By Eleanor Lamb
[Full article originally appeared in MeriTalk. Read here for full article and more coverage on FITARA.]
Application of the Federal Information Technology Acquisition Reform Act (FITARA) has reached an important juncture, according to a recent report from the Censeo Consulting Group.
Censeo worked with Cyrrus Analytics and Hettinger Strategy Group to create the report, titled “FITARA at a Crossroads.” Enacted 18 months ago, FITARA involves a scorecard that grades Federal agencies on their IT acquisition processes. The scorecard contains fields on Data Center Consolidation, Risk Transparency, IT Portfolio Review, and Incremental Development. Censeo’s report said that the FITARA scorecard is starting to diverge from the goals the Office of Management and Budget (OMB) had in mind during the act’s inception.

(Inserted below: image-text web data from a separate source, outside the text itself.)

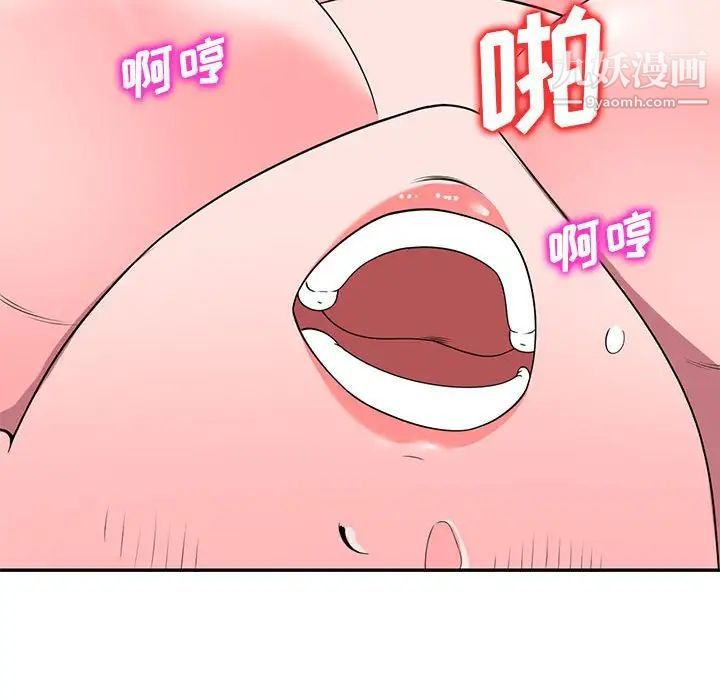 94.jpg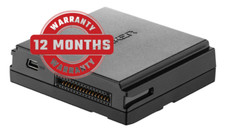 Becker MAP PILOT Mercedes Navigationsmodul Europa Karten V23 1 Jahr Garantie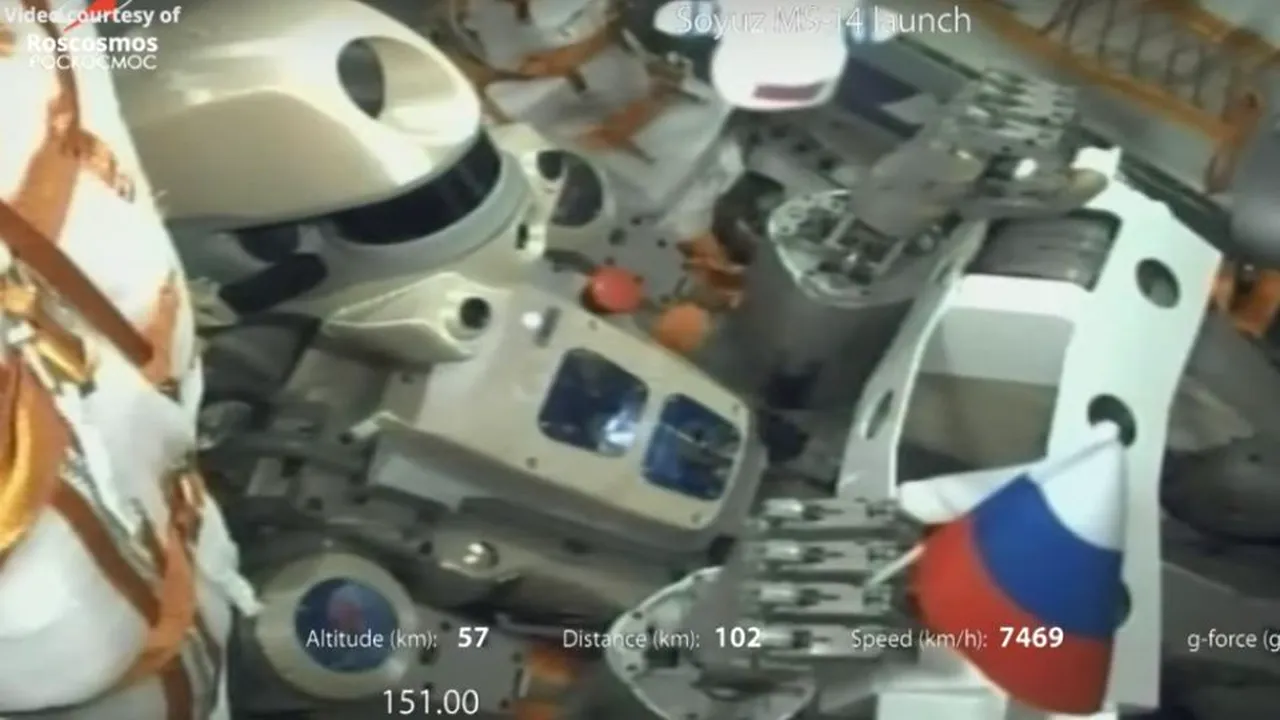 1-fedor-robot-iss-roscosmos-descopera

“The government is better off with a more standard and detailed approach to FITARA implementation, one that applies consistency throughout agencies and provides government with the IT governance attributes that increasingly complex IT deployments now require,” the report states. “The next few months are critical in shaping the future of FITARA.”
Censeo, Cyrrus, and the Hettinger Group offer 10 recommendations on how Federal agencies can shape FITARA for the better and “match the legislation’s original intent of empowering CIOs and rationalizing IT spending.”
The following is a summarization of the 10 recommendations:
- The House Committee on Oversight and Government Reform (HOGR), the Government Accountability Office (GAO), and OMB need to communicate more to align their oversight focus. Unless these entities connect and find a common understanding, OMB and Federal agencies will continue using self-tally assessments while HOGR and GAO will continue using limited data sets to push accountability.
- Clarify FITARA roles of OMB, the CIO Council, GAO, and HOGR, and empower the FITARA Coordinator role. The FITARA Coordinator, on behalf of OMB, would enforce FITARA standards across agencies. The CIO Council would facilitate inter-agency FITARA collaboration. GAO would continue to audit the government’s ability to meet legislative requirements. HOGR would continue to provide congressional oversight.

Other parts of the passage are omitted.